The Acropolis Museum (Greek: Μουσείο Ακρόπολης / Mouseio Akropolis) is focused on the archeological findings made at Acropolis in Athens. It is a successor to the old Acropolis Museum in Athens, which was built in the 19th century. The modern Acropolis Museum opened to the public in 2009 and is home to well over 4,000 objects exhibited over an area of 14,000 square meters.
The Acropolis of Athens is an ancient citadel located on a rocky outcrop above the city. It is renowned for its ancient buildings of great architectural and historic significance, the most famous being the Parthenon.
The artifacts in the Acropolis Museum have been found on the rock and on the surrounding slopes. A majority of the objecst are from the Greek Bronze Age, the Roman Era or Byzanthine Athens.
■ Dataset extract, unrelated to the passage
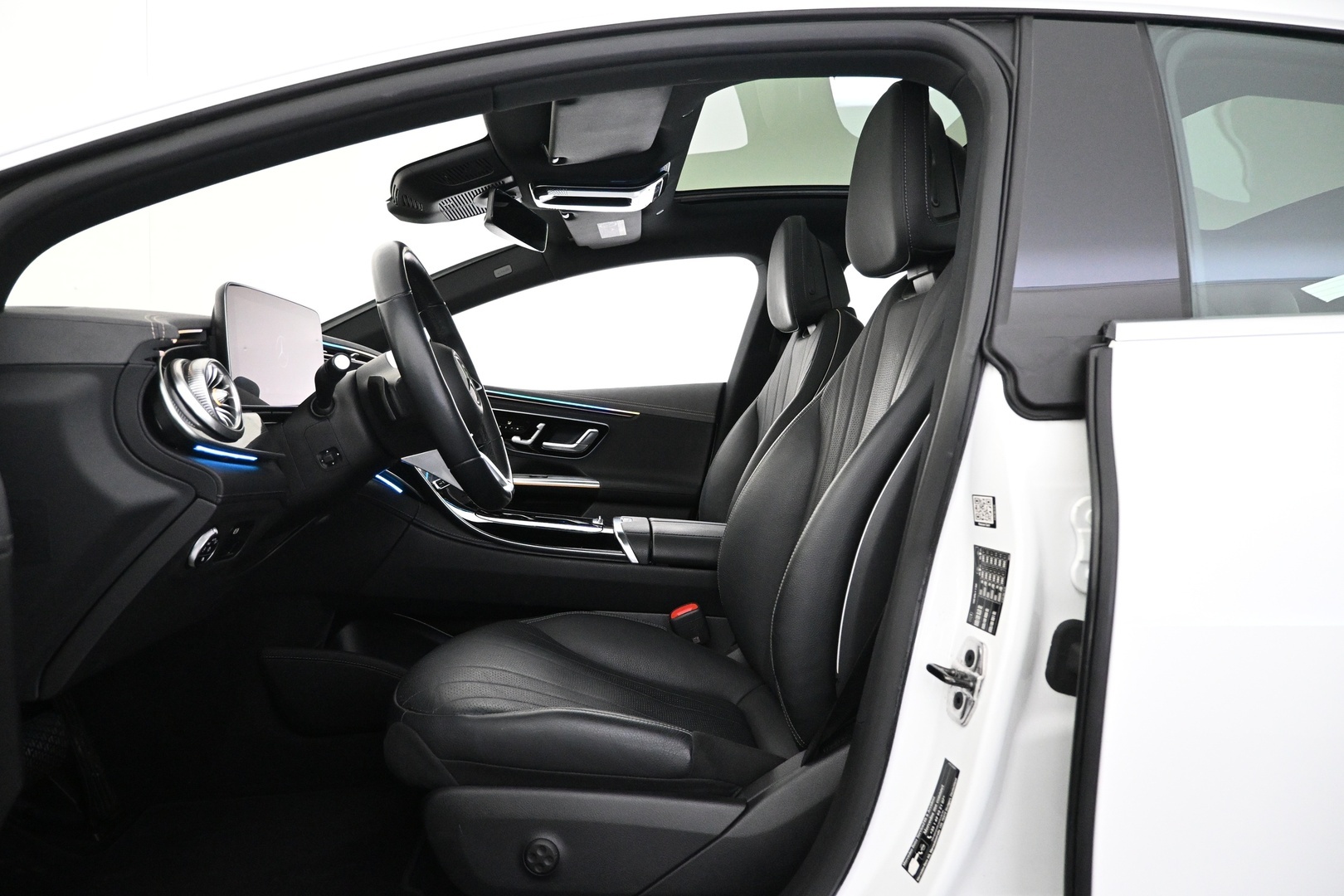 MERCEDES-BENZ EQE 2023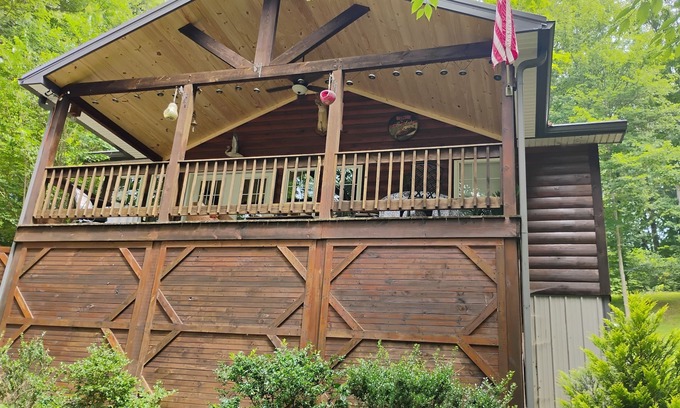 Mammoth Cave Cottage | Welcome to Whipsaw a beautiful cottage ,just a 5 minute walk to see the lake!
The museum was built over an ancient road, and is just 280 meters away from Parthenon. As the museum is located right on top of an archeological site, excavations are continously going on below the ground level of the museum, and visitors can watch the process through the glass flooring.
Since June 2019, visitors have also been permitted to walk through an excavation site underneath the building. It is the excavation of an ancient neighbhourhood with artefacts from the Classical era and onward to Byzantine times.
Examples of objects displayed in the museum
- Moschoporos, “The Calf Bearer”, is an ancient Greek statue dated to circa 560 BCE. It was excavated in fragments in the Perserschutt (ceremonial dump) in the Acropolis in Athens in 1864.
- The Blond Kouros’s Head of the Acropolis is the marble head of what was once a complete statue of a young man. It was created around the year 480 BCE. The head, and parts of the pelvis, was discovered on the Acropolis in 192 Originally, the curcly hair was painted yellow.
- The Peplos Kore is a white fine-grained Parian marble statue of a girl, dated to circa 530 BC. It is one of the most famous examples of Archaic Greek art. The statue was discovered on the Erechtheion on Acropolis, in three pieces, in 1886. Kore means girl/young woman and peplos is the type of shawl-like garnment that she is wearing.
- The Kritian Boy was sculptured during the Early Classical period. It was discovered during excavations of the Perserschutt in 1866, and is believed to have been discarded there by Athenians after being partly destroyed by the marauding Persian army in 480 BCE.
- The Parthenon frieze is a high-relief pentelic marble sculpture created between circa 443 and 437 BCE. It was created as an adorment for the Parthenon. The frieze originally spanned 160 meters, but only 128 meters have survived into our time, since part of it was destroyed by Venetian bombardment in the 1600s.
A majority of the surviving frieze is exhibited as part of the Elegin Marlbes in the British Museum in the UK, but you can also see a sizeble part of it in the Acropolis Museum.
Where is the museum?
The museum is built on the southeastern slope of the Acropolis hill, over an ancient road that led up to the sacred rock in classical times. The main entrance to the museum is accessible from Dionysiou Areopagitou Street, not far from the metro station.
Address: Dionysiou Areopagitou Street, Athens, Greece
Coordinates: 37.969108°N 2728299°E
Closest metro station: Akropoli (Line 2/Red)
The old Acropolis Museum in Athens was opened in 1874 and expanded in the 1950s, but even after the expansion, it wasn’t large enough to house all the new artifacts continously discovered during excavations of the Acropolis in the city.
Another reason to construct a new museum was Greece’s increased efforts to make museums around the world give back artifacts originating from the Acropolis of Athens. The British Museum was for instance very reluctant to return the famous Parthenon Marbles, claiming that the old Acropolis Museum wasn’t fit to preserve and exhibit them.
The first architectual competition to design a new museum was held as early as 1979, but a long series of imbroglios and snarl-ups resulted in three more competitions being held before cosntruction actually started in earnest, and the museum wasn’t ready to receive any artifacts until 2007. Also, the fourth competition had not included any provisions for the preservation of the ancient site, and this was not rectified until both local and international campaigners put sufficient pressure on the Greek authorities.
The moving of artifacts from the old museum building to the new started in October 2007 and was completed in four months.